_WHAT TO DO:_ Please copy all of the records exactly, leaving nothing out.
**** DATA IN THIS EXERCISE
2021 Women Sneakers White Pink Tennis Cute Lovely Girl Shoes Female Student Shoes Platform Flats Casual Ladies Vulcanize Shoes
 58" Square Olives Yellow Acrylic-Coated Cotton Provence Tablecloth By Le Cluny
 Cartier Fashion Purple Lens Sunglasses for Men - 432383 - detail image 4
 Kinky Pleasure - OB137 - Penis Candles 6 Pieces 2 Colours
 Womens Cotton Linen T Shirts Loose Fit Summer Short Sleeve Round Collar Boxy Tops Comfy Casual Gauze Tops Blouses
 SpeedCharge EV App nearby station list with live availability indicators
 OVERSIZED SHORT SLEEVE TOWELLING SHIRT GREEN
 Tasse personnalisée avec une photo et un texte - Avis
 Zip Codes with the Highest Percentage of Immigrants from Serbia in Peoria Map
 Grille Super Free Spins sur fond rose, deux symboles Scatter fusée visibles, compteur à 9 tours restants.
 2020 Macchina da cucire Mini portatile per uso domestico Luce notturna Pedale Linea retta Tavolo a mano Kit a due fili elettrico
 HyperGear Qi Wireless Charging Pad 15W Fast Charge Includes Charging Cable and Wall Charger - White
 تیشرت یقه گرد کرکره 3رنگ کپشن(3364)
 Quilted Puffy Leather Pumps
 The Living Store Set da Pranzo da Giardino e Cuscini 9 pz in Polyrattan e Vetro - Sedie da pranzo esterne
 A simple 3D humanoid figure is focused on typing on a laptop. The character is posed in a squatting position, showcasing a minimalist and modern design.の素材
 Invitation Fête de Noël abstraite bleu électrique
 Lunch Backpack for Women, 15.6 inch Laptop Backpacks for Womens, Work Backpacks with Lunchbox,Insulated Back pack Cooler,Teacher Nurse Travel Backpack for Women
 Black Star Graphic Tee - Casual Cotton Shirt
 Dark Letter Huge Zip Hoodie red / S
********
_SOLUTION BELOW:_
2021 Women Sneakers White Pink Tennis Cute Lovely Girl Shoes Female Student Shoes Platform Flats Casual Ladies Vulcanize Shoes
 58" Square Olives Yellow Acrylic-Coated Cotton Provence Tablecloth By Le Cluny
 Cartier Fashion Purple Lens Sunglasses for Men - 432383 - detail image 4
 Kinky Pleasure - OB137 - Penis Candles 6 Pieces 2 Colours
 Womens Cotton Linen T Shirts Loose Fit Summer Short Sleeve Round Collar Boxy Tops Comfy Casual Gauze Tops Blouses
 SpeedCharge EV App nearby station list with live availability indicators
 OVERSIZED SHORT SLEEVE TOWELLING SHIRT GREEN
 Tasse personnalisée avec une photo et un texte - Avis
 Zip Codes with the Highest Percentage of Immigrants from Serbia in Peoria Map
 Grille Super Free Spins sur fond rose, deux symboles Scatter fusée visibles, compteur à 9 tours restants.
 2020 Macchina da cucire Mini portatile per uso domestico Luce notturna Pedale Linea retta Tavolo a mano Kit a due fili elettrico
 HyperGear Qi Wireless Charging Pad 15W Fast Charge Includes Charging Cable and Wall Charger - White
 تیشرت یقه گرد کرکره 3رنگ کپشن(3364)
 Quilted Puffy Leather Pumps
 The Living Store Set da Pranzo da Giardino e Cuscini 9 pz in Polyrattan e Vetro - Sedie da pranzo esterne
 A simple 3D humanoid figure is focused on typing on a laptop. The character is posed in a squatting position, showcasing a minimalist and modern design.の素材
 Invitation Fête de Noël abstraite bleu électrique
 Lunch Backpack for Women, 15.6 inch Laptop Backpacks for Womens, Work Backpacks with Lunchbox,Insulated Back pack Cooler,Teacher Nurse Travel Backpack for Women
 Black Star Graphic Tee - Casual Cotton Shirt
 Dark Letter Huge Zip Hoodie red / S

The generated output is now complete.